1. A process for making a collapsible water-containing capsule having a water phase encapsulated or dispersed in a pigment phase, the pigment phase comprising at least a first pigment component having a particle size of less than 1 μm and a hydrophobic surface;

wherein the water phase and the pigment phase are mixed by a mixing apparatus selected from the group consisting of external energy sourcing type and container shaking type.

2. The process of claim 1 wherein the mixing apparatus is the external energy sourcing type selected from the group consisting of vibratory mixer, and resonant frequency mixer.

3. The process of claim 1 wherein the mixing apparatus is the container shaking type that provides movement by alternative acceleration and retardation.

4. The process of claim 1 wherein the capsule further comprises a gelling agent, the gelling agent being premixed with the water phase, prior to mixing with the pigment phase.

5. The process of claim 1 wherein the capsule further comprises a gelling agent, the gelling agent being premixed with the pigment phase, prior to mixing with the water phase.

6. The process of claim 1 wherein the capsule is to be provided in a final primary packaging for consumer use, wherein the process comprises the steps of:

i) directly supplying the water phase and the pigment phase in the final primary packaging; and

ii) mounting the product of step i) onto the mixing apparatus for making the capsule.

7. A collapsible water-containing capsule made by the process of any of claims 1.

8. A process for making a collapsible water-containing capsule having a water phase encapsulated or dispersed in a pigment phase, the pigment phase comprising at least a first pigment component having a particle size of less than 1 μm and is surface coated with a lipophobic hydrophobic coating material;

wherein the water phase and the pigment phase is mixed by a mixing apparatus selected from the group consisting of fluidizer type, mechanical mixing type and container rotating type.

9. The process of claim 8 wherein the mixing apparatus is the fluidizer type wherein air is delivered for mixing.

10. The process of claim 8 wherein the mixing apparatus is the mechanical mixing type which provides low shear mixing.

11. The process of claim 10 wherein the mixing apparatus is the mechanical mixing type selected from the group consisting of ribbon blender, screw blender, and paddle mixer.

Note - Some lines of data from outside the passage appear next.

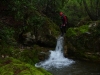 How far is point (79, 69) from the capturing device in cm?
1187

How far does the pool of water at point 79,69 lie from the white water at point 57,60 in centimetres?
60

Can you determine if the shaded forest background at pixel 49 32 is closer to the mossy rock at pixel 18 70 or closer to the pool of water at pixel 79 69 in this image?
the pool of water at pixel 79 69

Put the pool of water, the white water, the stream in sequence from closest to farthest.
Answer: the pool of water
the stream
the white water

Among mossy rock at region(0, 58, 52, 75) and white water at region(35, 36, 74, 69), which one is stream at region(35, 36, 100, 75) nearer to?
white water at region(35, 36, 74, 69)

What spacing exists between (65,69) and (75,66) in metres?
1.03

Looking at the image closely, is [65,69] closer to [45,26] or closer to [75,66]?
[75,66]

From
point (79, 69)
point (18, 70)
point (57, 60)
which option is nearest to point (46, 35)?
point (57, 60)

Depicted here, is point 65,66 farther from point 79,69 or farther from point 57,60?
point 57,60

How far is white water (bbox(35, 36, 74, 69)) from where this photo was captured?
12.9 meters

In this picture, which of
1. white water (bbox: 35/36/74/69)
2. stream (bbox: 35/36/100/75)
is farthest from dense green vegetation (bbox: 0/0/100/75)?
stream (bbox: 35/36/100/75)

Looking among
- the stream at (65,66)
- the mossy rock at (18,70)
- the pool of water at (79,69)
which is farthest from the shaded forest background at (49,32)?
the mossy rock at (18,70)

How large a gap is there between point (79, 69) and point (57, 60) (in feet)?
9.68

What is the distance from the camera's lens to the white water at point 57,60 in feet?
42.2

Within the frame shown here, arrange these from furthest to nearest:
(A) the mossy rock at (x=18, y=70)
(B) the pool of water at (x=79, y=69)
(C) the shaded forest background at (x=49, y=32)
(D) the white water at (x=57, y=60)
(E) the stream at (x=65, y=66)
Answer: (D) the white water at (x=57, y=60) → (C) the shaded forest background at (x=49, y=32) → (E) the stream at (x=65, y=66) → (B) the pool of water at (x=79, y=69) → (A) the mossy rock at (x=18, y=70) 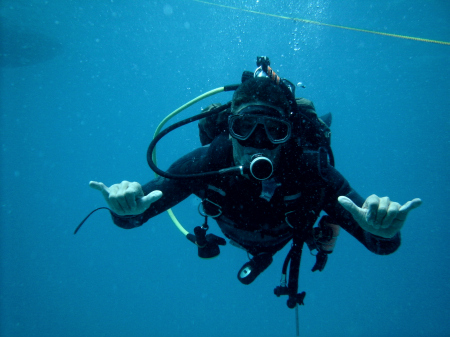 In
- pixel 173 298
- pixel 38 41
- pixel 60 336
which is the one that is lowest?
pixel 60 336

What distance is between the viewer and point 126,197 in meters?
1.97

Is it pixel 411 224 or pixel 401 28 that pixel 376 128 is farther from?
pixel 411 224

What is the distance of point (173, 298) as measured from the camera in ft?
86.6

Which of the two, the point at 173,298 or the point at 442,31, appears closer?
the point at 442,31

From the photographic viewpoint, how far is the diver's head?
→ 244 cm

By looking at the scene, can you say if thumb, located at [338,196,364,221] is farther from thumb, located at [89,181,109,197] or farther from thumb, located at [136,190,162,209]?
thumb, located at [89,181,109,197]

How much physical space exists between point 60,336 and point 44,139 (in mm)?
33432

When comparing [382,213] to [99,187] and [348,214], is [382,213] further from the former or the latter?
[99,187]

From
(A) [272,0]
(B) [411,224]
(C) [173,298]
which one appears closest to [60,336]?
(C) [173,298]

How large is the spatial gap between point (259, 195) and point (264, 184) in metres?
0.15

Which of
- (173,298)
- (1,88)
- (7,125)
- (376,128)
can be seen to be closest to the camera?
(1,88)

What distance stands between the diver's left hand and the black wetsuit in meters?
0.70

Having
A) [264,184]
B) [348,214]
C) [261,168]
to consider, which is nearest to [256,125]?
[261,168]

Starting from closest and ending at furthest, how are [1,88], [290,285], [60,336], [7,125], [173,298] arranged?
[290,285] < [60,336] < [1,88] < [173,298] < [7,125] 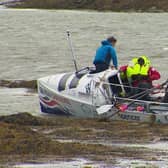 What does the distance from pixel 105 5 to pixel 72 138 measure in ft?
175

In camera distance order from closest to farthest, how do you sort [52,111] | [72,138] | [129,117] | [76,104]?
[72,138], [129,117], [76,104], [52,111]

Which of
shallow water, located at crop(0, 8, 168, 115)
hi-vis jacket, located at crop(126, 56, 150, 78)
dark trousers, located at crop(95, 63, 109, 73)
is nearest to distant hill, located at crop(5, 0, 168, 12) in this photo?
shallow water, located at crop(0, 8, 168, 115)

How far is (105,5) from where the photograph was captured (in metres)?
68.6

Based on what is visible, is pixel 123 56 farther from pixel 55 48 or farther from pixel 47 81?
pixel 47 81

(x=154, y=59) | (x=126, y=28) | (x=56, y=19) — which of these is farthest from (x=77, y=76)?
(x=56, y=19)

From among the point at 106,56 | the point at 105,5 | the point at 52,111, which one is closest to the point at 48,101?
the point at 52,111

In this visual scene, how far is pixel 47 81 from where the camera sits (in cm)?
2164

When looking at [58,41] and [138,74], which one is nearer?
[138,74]

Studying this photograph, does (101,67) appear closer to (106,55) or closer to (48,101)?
(106,55)

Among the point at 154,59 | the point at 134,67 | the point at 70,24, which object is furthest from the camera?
the point at 70,24

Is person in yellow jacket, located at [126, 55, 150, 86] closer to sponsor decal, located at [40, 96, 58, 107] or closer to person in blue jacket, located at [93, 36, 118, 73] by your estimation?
person in blue jacket, located at [93, 36, 118, 73]

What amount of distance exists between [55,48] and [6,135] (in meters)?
29.0

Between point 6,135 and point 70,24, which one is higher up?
point 6,135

12. The process of claim 8 wherein the mixing apparatus is the container rotating type selected from the group consisting of V-mixer, and double conical mixer.

13. The process of claim 8 wherein the water phase is delivered in the mixing apparatus via an atomizing system.

14. The process of claim 13 wherein the capsule further comprises a gelling agent, the gelling agent being premixed with the water phase and atomized with the water phase.

15. The process of claim 13 wherein the capsule further comprises a gelling agent, the gelling agent being premixed with the pigment phase, prior to mixing with the water phase.

16. A collapsible water-containing capsule made by the process of any of claims 8.

17. A preparation-at-use product for providing a collapsible water-containing capsule comprising:

(a) a water phase;

(b) a pigment phase comprising at least a first pigment component having a particle size of less than 1 μm and a hydrophobic surface; and

(c) a final primary packaging having an inner wall having a surface tension of 50 dyne/cm or less;

wherein the water phase and the pigment phase are separately packaged prior to use, and wherein the capsule is made by the steps of: i) filling the water phase and the pigment phase into the final primary packaging; and ii) manually shaking the product of step i) until the water phase is encapsulated in the pigment phase.